Reproduce the listing that follows word for word, without its pictures.

RECORDED DATA:
Start of Block

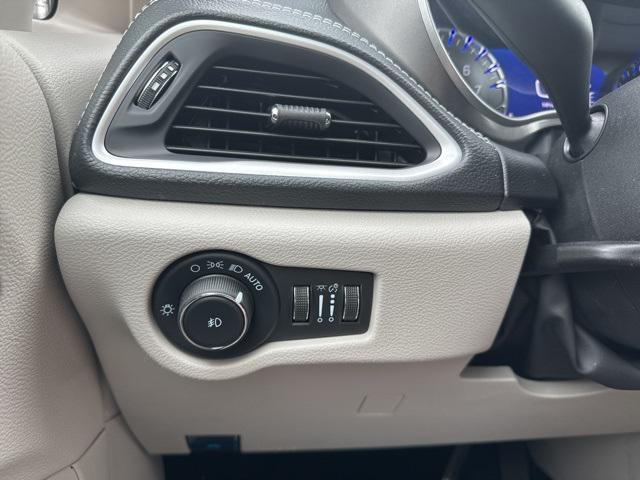 2024 Chrysler Pacifica Touring L AWD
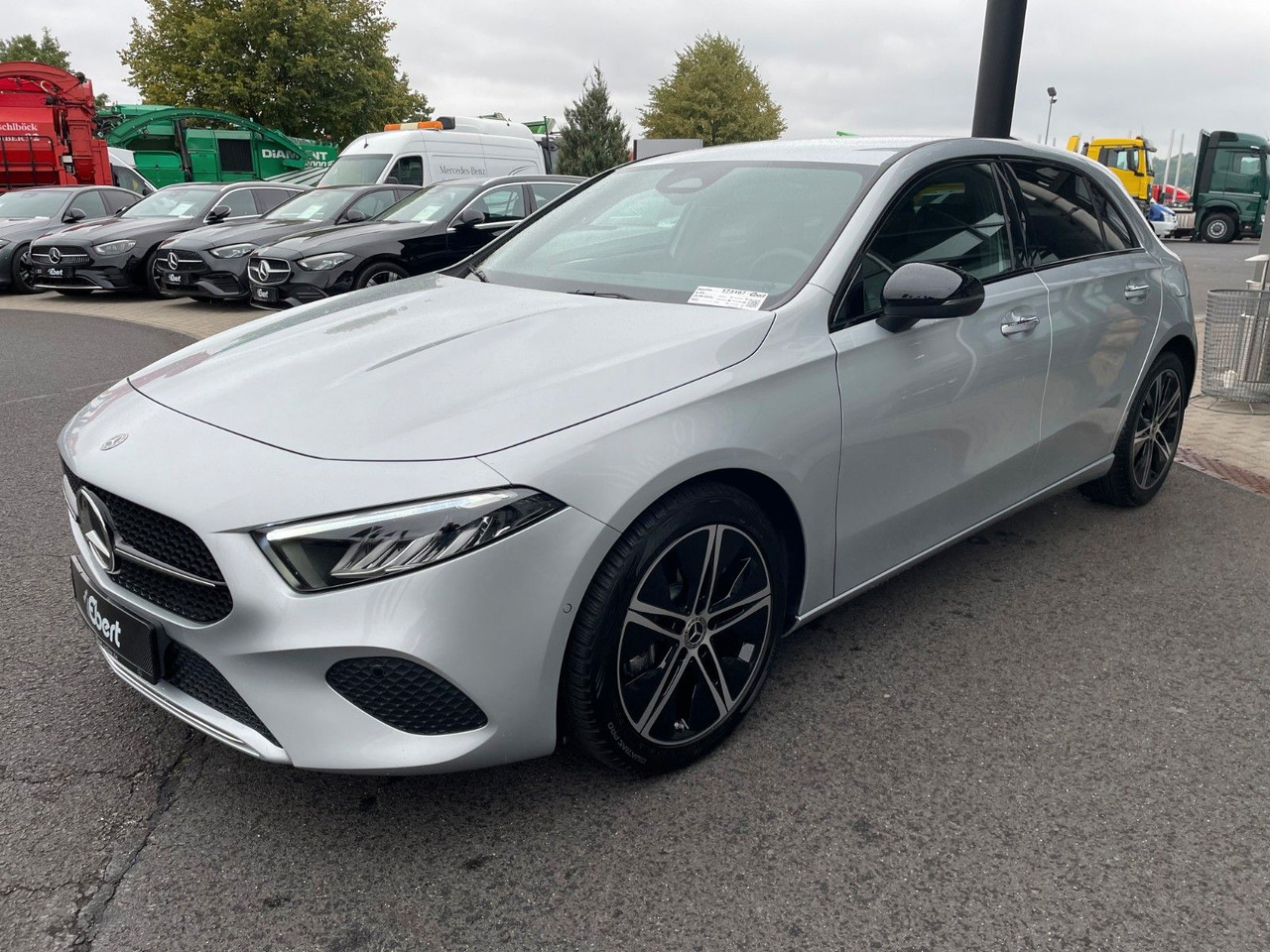 Mercedes-Benz A 200 Progressive Ambiente+R-Kamera+ - Sedaan: pilt 2 Mercedes-Benz A 200 Progressive Ambiente+R-Kamera+ - Sedaan: pilt 2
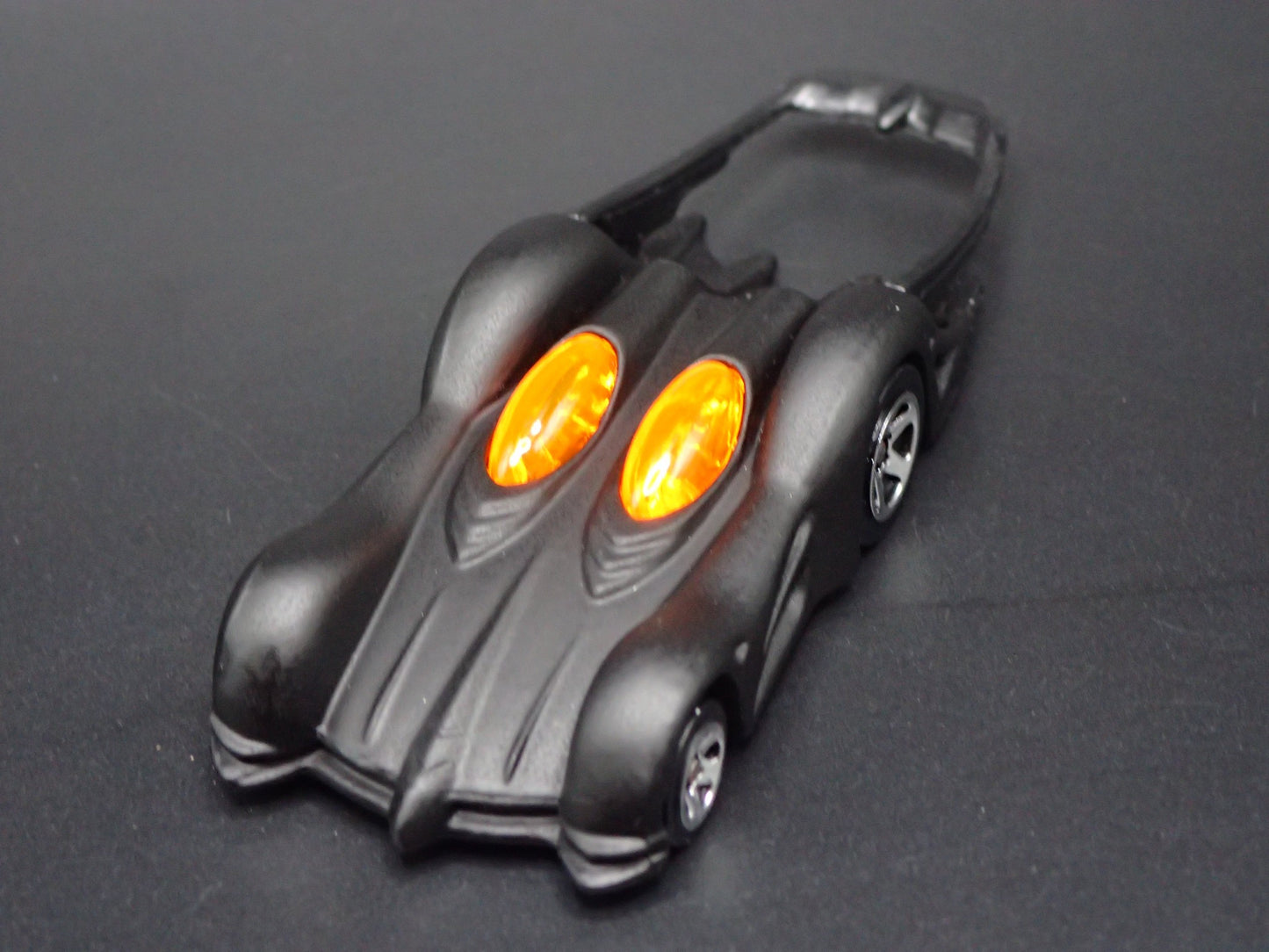 BATMAN CROOZE BATMOBILE BLACK 1:64 SCALE COLLECTIBLE DIORAMA DIECAST MODEL CAR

End of Block

RESULT OF THIS EXERCISE:
 2024 Chrysler Pacifica Touring L AWD
 Mercedes-Benz A 200 Progressive Ambiente+R-Kamera+ - Sedaan: pilt 2 Mercedes-Benz A 200 Progressive Ambiente+R-Kamera+ - Sedaan: pilt 2
 BATMAN CROOZE BATMOBILE BLACK 1:64 SCALE COLLECTIBLE DIORAMA DIECAST MODEL CAR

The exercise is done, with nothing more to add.